La constance du pays récompensée

Dans sa parution du mois d’août, le rapport de la BM note le pays à 3,3, soit une progression de + 0,1 par rapport à l’année précédente. Cette note est également au-dessus de la moyenne des pays évalués en Afrique sub-saharienne, et marque la troisième année consécutive où le Togo enregistre une hausse en la matière. Notons que le pays a été particulièrement performant au rayon de la politique de lutte contre l’exclusion sociale et la promotion de l’équité. A ce niveau, le pays d’Afrique de l’Ouest totalise un score de 3,6.

Globalement, le Togo récolte là les dividendes de la constance de ses efforts ces dernières années, sous le pilotage de la Cellule climat des affaires actuellement dirigée par la ministre-conseillère Sandra Johnson. La cellule constitue le cadre institutionnel mis en place par le chef de l’Etat togolais Faure Gnassingbé, dans le but de hisser son pays au rang des plus attractifs économiquement sur le continent.
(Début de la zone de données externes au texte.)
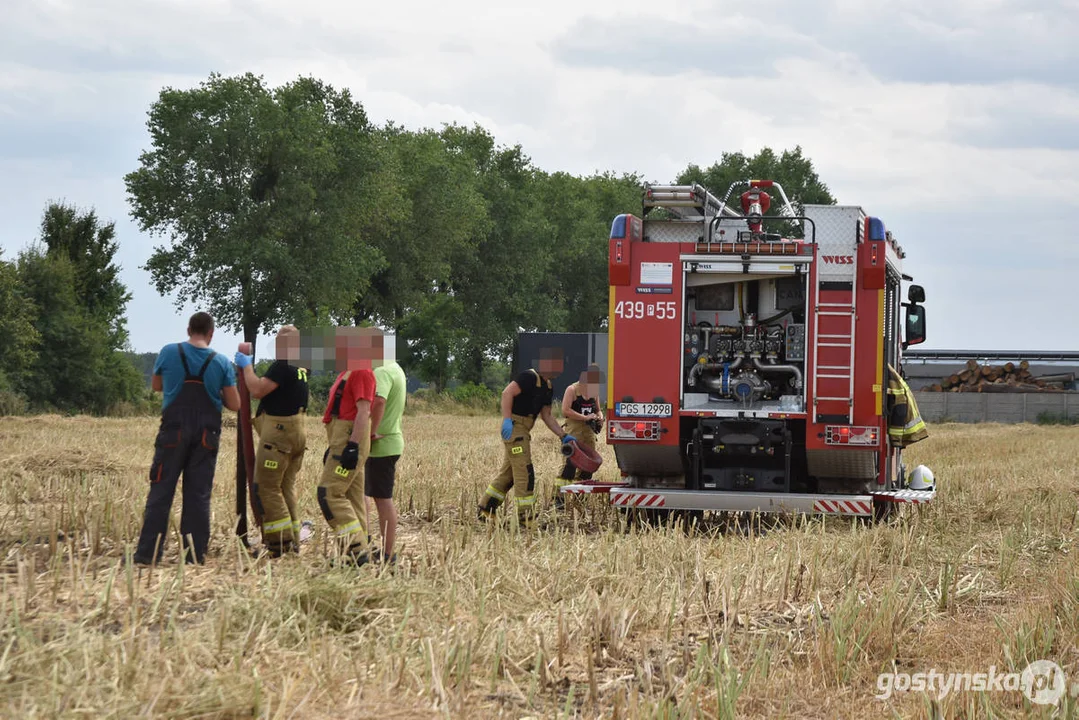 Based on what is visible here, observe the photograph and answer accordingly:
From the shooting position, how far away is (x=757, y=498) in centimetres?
1130

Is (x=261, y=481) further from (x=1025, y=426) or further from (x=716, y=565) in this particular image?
(x=1025, y=426)

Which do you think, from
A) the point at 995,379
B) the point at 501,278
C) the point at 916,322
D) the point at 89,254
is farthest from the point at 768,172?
the point at 916,322

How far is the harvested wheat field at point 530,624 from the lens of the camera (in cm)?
480

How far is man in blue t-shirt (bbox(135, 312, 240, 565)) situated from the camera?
829 centimetres

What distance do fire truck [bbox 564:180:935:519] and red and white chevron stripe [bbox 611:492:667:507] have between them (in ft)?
0.04

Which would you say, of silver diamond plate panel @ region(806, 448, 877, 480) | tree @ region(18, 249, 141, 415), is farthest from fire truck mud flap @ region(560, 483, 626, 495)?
tree @ region(18, 249, 141, 415)

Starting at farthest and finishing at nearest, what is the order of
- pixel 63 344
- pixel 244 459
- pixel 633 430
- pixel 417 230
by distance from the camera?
pixel 417 230 < pixel 63 344 < pixel 633 430 < pixel 244 459

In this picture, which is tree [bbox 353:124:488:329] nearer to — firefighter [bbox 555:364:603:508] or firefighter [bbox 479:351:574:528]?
firefighter [bbox 555:364:603:508]

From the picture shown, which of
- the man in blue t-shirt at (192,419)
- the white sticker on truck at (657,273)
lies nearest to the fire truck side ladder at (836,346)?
the white sticker on truck at (657,273)

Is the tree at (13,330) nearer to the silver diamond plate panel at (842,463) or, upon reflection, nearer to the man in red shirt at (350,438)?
the silver diamond plate panel at (842,463)

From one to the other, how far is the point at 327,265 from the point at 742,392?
37936mm

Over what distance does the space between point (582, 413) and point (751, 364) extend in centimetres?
193

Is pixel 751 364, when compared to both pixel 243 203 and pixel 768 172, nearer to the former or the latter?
pixel 243 203

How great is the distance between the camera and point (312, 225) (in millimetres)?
47812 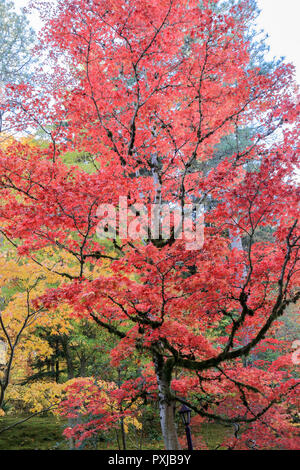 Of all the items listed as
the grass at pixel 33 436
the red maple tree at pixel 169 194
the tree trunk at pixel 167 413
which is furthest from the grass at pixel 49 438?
the tree trunk at pixel 167 413

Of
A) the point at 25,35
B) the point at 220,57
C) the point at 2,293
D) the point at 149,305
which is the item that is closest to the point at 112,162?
the point at 220,57

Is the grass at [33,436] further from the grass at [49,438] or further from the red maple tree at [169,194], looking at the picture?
the red maple tree at [169,194]

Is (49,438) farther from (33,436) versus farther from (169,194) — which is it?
(169,194)

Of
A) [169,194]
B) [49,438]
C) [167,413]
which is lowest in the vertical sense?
[49,438]

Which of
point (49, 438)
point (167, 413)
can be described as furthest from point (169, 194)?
point (49, 438)

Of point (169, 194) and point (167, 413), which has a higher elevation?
point (169, 194)

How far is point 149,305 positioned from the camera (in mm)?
4816

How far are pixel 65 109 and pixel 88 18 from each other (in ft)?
6.01

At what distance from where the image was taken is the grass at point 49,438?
34.9 feet

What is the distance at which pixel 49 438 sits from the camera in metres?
11.9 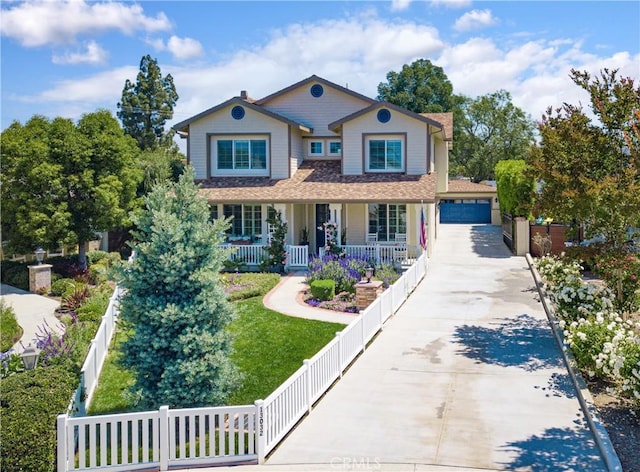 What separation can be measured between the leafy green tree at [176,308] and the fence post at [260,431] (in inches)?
63.1

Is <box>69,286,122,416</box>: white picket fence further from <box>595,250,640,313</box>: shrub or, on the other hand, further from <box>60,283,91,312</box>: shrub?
<box>595,250,640,313</box>: shrub

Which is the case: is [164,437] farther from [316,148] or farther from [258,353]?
[316,148]

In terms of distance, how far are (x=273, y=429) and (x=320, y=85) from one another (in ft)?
72.0

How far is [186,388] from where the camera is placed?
960 cm

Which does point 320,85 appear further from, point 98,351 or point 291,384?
point 291,384

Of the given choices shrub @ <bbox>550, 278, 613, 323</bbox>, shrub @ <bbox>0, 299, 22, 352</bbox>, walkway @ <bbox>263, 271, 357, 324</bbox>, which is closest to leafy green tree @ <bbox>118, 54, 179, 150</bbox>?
walkway @ <bbox>263, 271, 357, 324</bbox>

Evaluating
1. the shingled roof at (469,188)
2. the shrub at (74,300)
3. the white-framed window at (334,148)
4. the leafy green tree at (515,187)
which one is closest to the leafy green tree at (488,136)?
the shingled roof at (469,188)

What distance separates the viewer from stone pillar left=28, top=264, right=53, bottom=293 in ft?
71.5

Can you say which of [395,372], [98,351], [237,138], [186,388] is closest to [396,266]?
[237,138]

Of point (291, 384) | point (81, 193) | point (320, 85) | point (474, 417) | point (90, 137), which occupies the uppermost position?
point (320, 85)

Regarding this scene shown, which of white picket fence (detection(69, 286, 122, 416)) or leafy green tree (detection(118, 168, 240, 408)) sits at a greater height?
leafy green tree (detection(118, 168, 240, 408))

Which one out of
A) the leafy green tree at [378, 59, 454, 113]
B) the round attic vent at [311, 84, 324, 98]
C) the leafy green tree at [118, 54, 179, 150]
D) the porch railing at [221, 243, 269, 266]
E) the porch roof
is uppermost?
the leafy green tree at [378, 59, 454, 113]

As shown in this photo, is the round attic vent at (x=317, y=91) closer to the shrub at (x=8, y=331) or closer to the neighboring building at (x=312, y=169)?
the neighboring building at (x=312, y=169)

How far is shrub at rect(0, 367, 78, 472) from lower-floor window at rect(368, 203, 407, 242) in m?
18.2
Le Togo s’illustre en Afrique en matière d’efficience de la mobilisation des recettes

L’efficience de la mobilisation des recettes est l’un des domaines dans lesquels le pays d’illustre particulièrement. C’est ce que note le rapport de la BM, qui souligne, en contraste, la baisse de la note moyenne régionale pour ce critère, qui est passé de 3,4 en 2018 à 3,3 en 2019. En effet, le rapport retient qu’ « un seul pays – le Togo – a vu sa note augmenter, alors qu’elle a diminué dans six pays – le Burkina Faso, l’Erythrée, le Liberia, Sao Tomé-et-Principe, la Tanzanie et le Soudan ». Rappelons que c’est ce critère qui évalue la qualité de la politique fiscale et de l’administration fiscale.